I also made a bunch of money selling roach work in accounts where so many others were failing to get control; at least until the synthetic pyrethroids exploded on the market. After resistance developed in these products we had roach baits that were introduced; and roach work has never been as profitable since. Once again; chemistry that worked was the answer.
Today we have a plethora of techniques and tools that can get rid of bed bugs. We have dry heat, steam heat, hand removal, traps, dusting techniques and procedures, vacuum cleaners designed for pest control and some chemistry that is only partially effective; and this is what makes the whole procedure partially effective. It is true that dry heat will kill everything in a building, but the expense is out of the reach of most Americans and there is no way of preventing a re-infestation with this program. We are in much the same situation as I was in thirty years ago with cockroaches. Not having the right chemistry was failing the nation, so we went back to the future and used boric acid. Bed bugs are spreading rapidly over the nation because current bed bug procedures aren't working for the nation, and for the same reason; we don’t have the right chemistry available.
Our job is more than a job. It is a mission. We are part of the public health service (whether they like to admit it or not) that stands between society and disaster. We are part of that thin gray line that stands on the wall and says, “no one will harm you on my watch”. If we are to succeed in our mission to protect society we must be effective in our treatments! If that means going back to old technology, then that is what we must do. It isn’t our job to be progressive, whatever that may mean, it our job to be effective!
There was a great old movie called “People Will Talk” with Cary Grant portraying a character called Dr. Noah Praetorius. He followed a relatively simple personal philosophy regarding medical treatments for the sick and suffering; “I’m in favor of using whatever makes sick people well”. One of his colleagues had him brought up before a faculty board to answer charges about his qualifications as a doctor. Dr. Praetorius answered one question my simply saying "I made sick people well”.

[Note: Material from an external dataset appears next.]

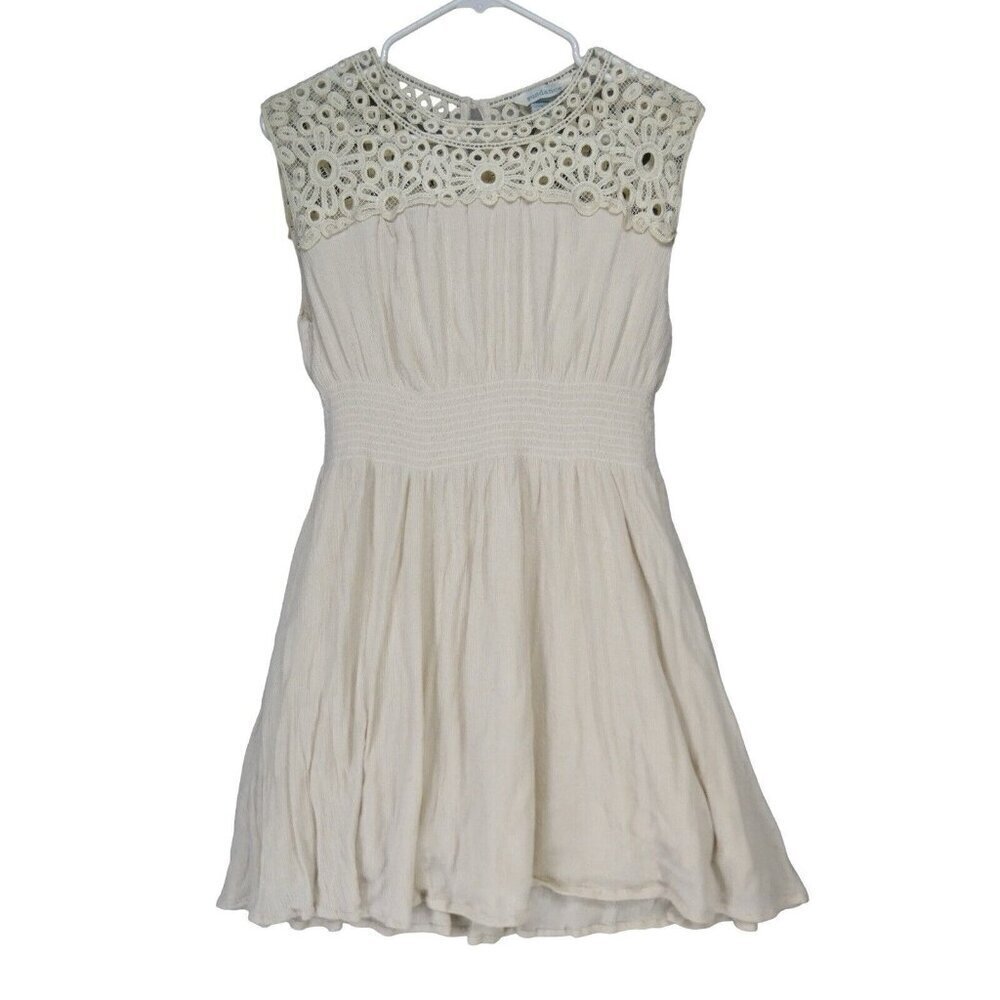 SUNDANCE Embroidered Eyelet Lace smocked waist Dress Women S Sleeveless Boho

We need to properly define this issue. It isn’t about science, it isn’t about money; it’s about results, and it is a moral issue. By ridding properties of pest infestations we make sick buildings healthy, and I don’t care what we have to use to do it. I am prepared to use anything that makes sick buildings well! I am more than willing to go back to the future if that’s what’s necessary.
The answer to bed bugs in 1946 was effective, inexpensive chemistry that was available to everyone. If that isn’t the answer in 2010 then there will be no answer.